How to Convince Somone of Need to Clean
I need some advice about how to convince someone that they need to do a better job of cleaning their home, in the interest of their own health and the long-term value (and safety) of the home. It's an older person (almost 60) who travels regularly for work, but unfortunately over almost three decades the home has become extremely cluttered, with spider webs likely across the ceilings in every room, with decent but certainly not the best lighting, with oscillating levels of humidty that need to be addressed, and with a decluttering and deep cleaning of the entire place needed, not to mention sensible things like water filters on the taps and shower head, etc.
The other day I cleaned the main hallway - it's a very nice older bungalow with a finished basement - of spider webs along the ceiling and cleaned the entire surface of the ceiling, walls, floors, and lights with a natural cleaning mixture. There are a lot of traditional cleaners sitting around the home (from years past) which give off very mild but cumulatively harmful fumes, so I am using all natural cleaners for everything.
The problem is the homeowner, a relative, does not appreciate the need to do any of these things and does not appreciate the cleaning when I do it. Every idea I raise from checking the humidity level (which seems too high) to changing the lightbulbs to decluttering is met with very strong resistance, wihch is understandable, but the fact is these things really do need to be addressed, sooner rather than later. I'm not great at convincing folks to do something - we all want to do what we want to do, no doubt, and that includes yours truly - but I hate to see someone end up sick or worse several months or only a few years down the line because they failed to handle some very simple things and get into a routine of cleaning regularly.

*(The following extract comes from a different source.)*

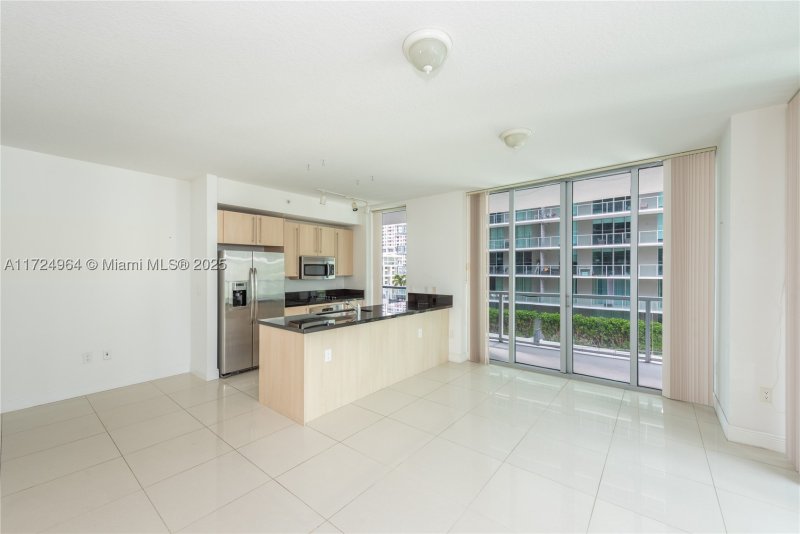 Condo for sale at Axis on Brickell South Tower 1107-S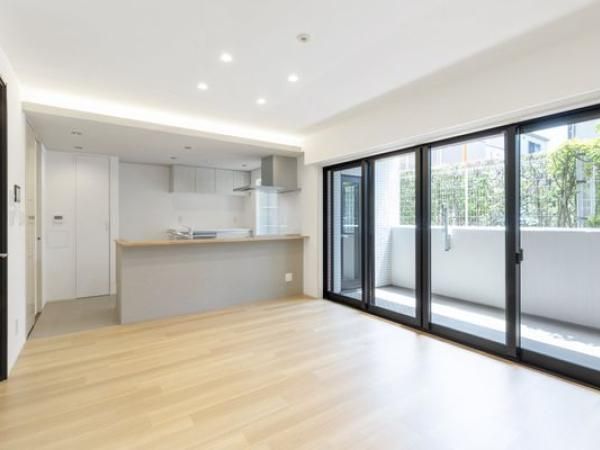 2LDK Apartment for Sale in Kawasaki Near Tama-Plaza Station - Thumbnail 3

As a person gets older, my sense is that some of the things that a young person can handle without health consequences is less true for someone who is older, and I've already had one elder relative pass away due, in part, to circumstances where the home was cluterred and I've seen a former client (I'm a lawyer) pass away because she did not care for her home at all.
How do you convince someone of the need to do this? And when I just do it anyway, the response is so negative that it's hard to continue doing it for them.